This leads to two separate concerns: one on the ethics and indeed security of sharing such personal information with third parties; and the other on the basic security needed to store these records. Yesterday, as the date for final submissions to the review panel passed, FairWarning published a letter it had sent to Dame Caldicott. CEO Kurt Long expressed his concerns for the present and his wishes for the future.
Long pointed out that according to FairWarning’s own earlier survey, “86.5% of respondents believe a serious breach of personal data would do considerable damage to a hospital’s reputation. 87.2% believe the NHS should monitor who looks at their patient records.” Nevertheless, he noted that according to the ICO, “data security breaches within the NHS have increased by 935% in the past five years. Yet there remains no legal requirement in the UK for providers to disclose to the patient when a privacy breach has taken place.”
He believes that mandatory disclosure will provide a major driver for improved security. “This,” he says, “would bring a level of accountability to care providers that cannot be achieved by other measures such as random audits and fines.”

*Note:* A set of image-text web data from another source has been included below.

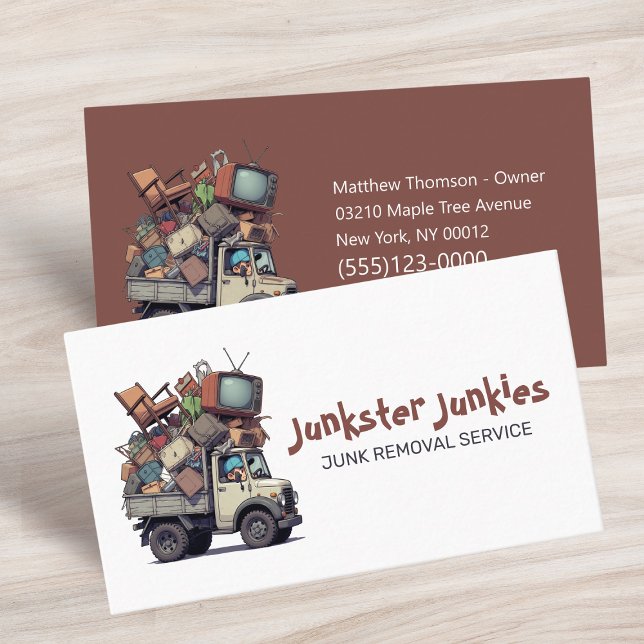 Junk Removal Garbage Hauling Truck Service Business Card (Creator Uploaded)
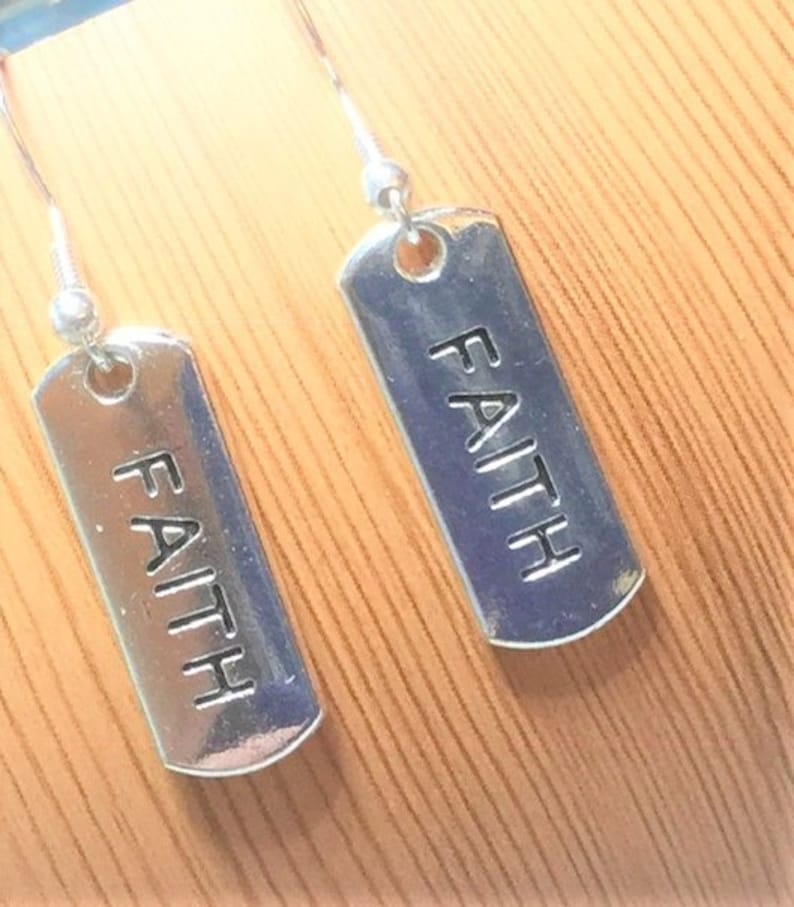 Inspirational Message Earrings Silver Tone Choose Your Words Faith Motivational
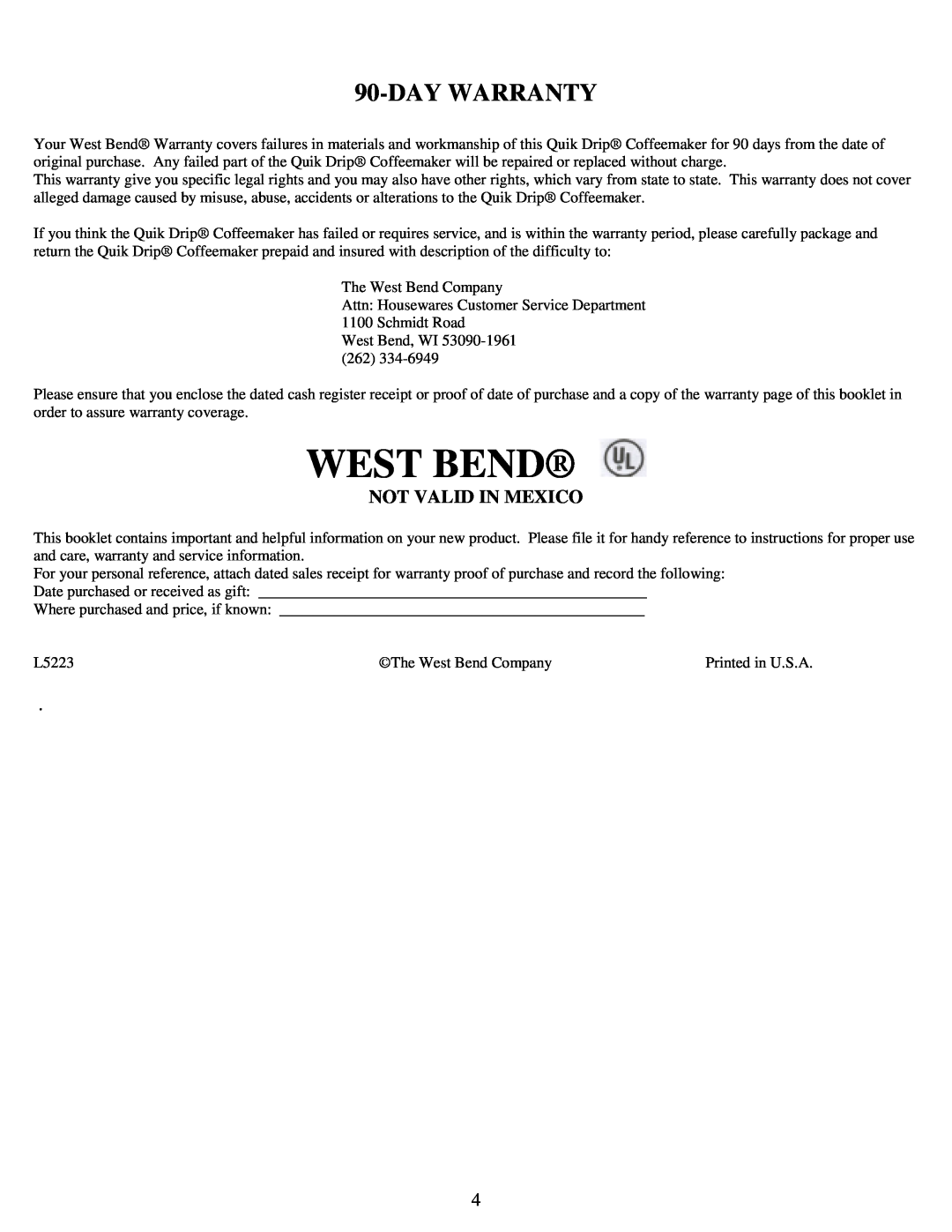 West Bend 56600 instruction manual Daywarranty, Not Valid In Mexico, West Bend 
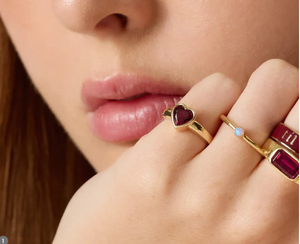 Bague en forme de cœur en pierre, bijoux mignons et durables pour femmes, cadeau de fiançailles en forme de cœur pour femmes - Product Image 3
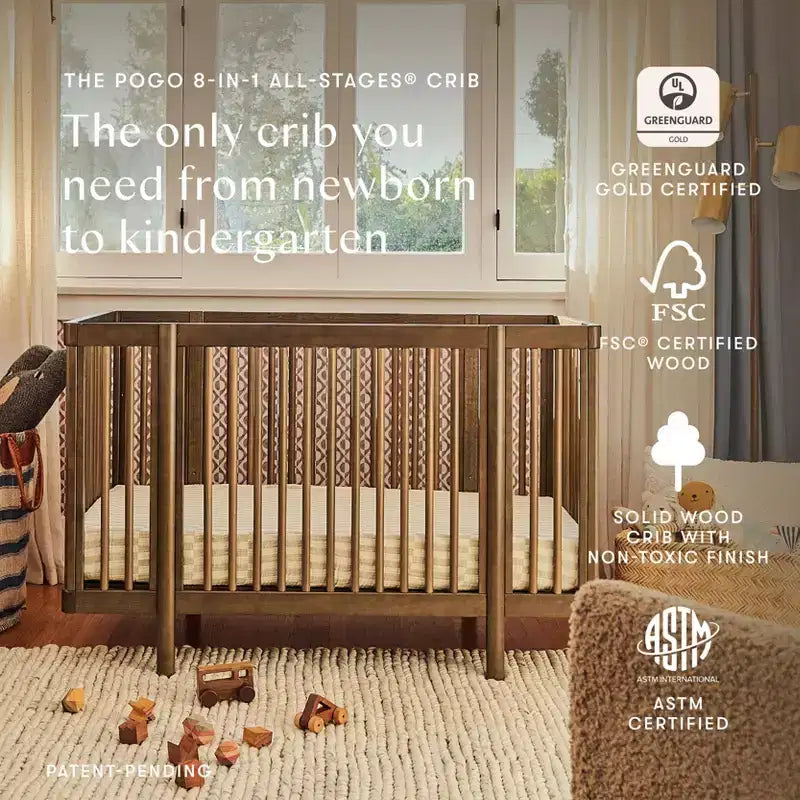Łóżeczko Babyletto Pogo 8 w 1 z zestawami do przekształcania na każdym etapie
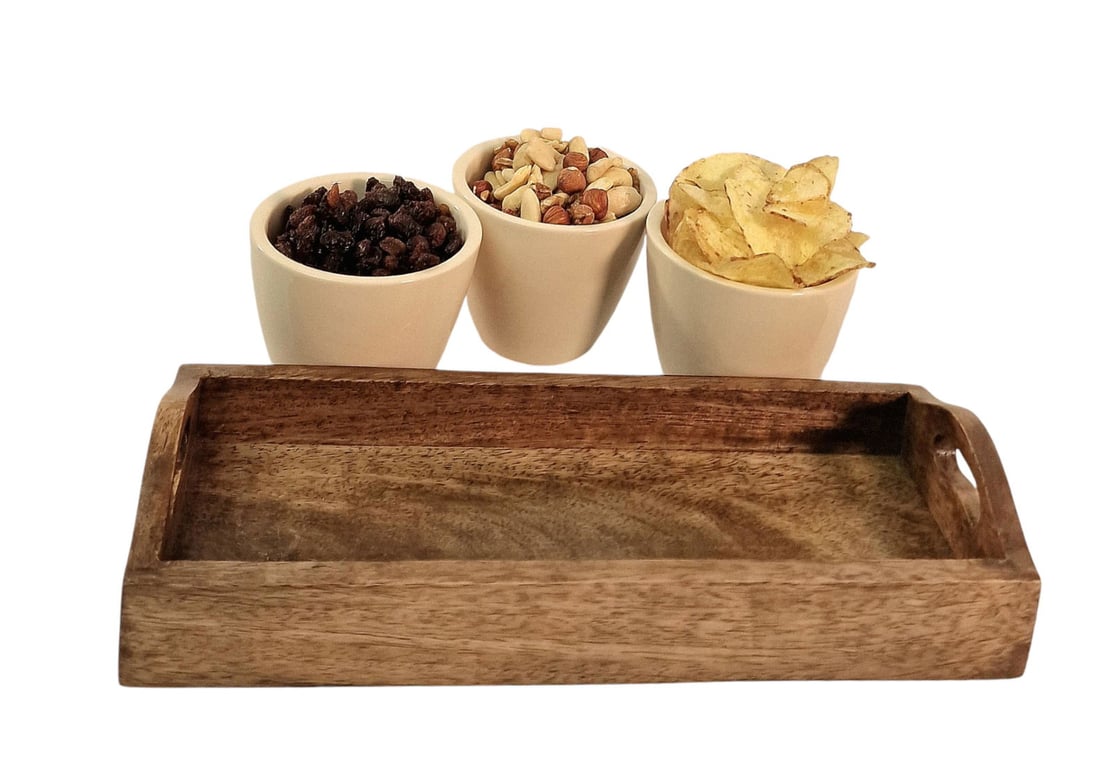 Country Cottage Collection - 3 Handcrafted Ceramic Snack Bowls with Mango Wood Tray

Long is also concerned about a current lack of mandatory audit trails. “This means that when a privacy breach has occurred, neither the care provider, enforcement agencies or the patient has the ability to reconstruct who has been affected, to what extent damage has been done and how long it has been occurring.” The use of audit trails across all electronic health records and applications, he adds, “would be the first and potentially most important step towards securing and protecting patient privacy.”
To these primary requirements, he adds making it mandatory for trusts to build privacy into their IT systems and reinforcing a culture of privacy in the NHS through education and awareness. “These simple steps will help to transform data security within the NHS, building levels of trust between patients and providers and significantly enhancing patient care through the secure use of electronic healthcare.”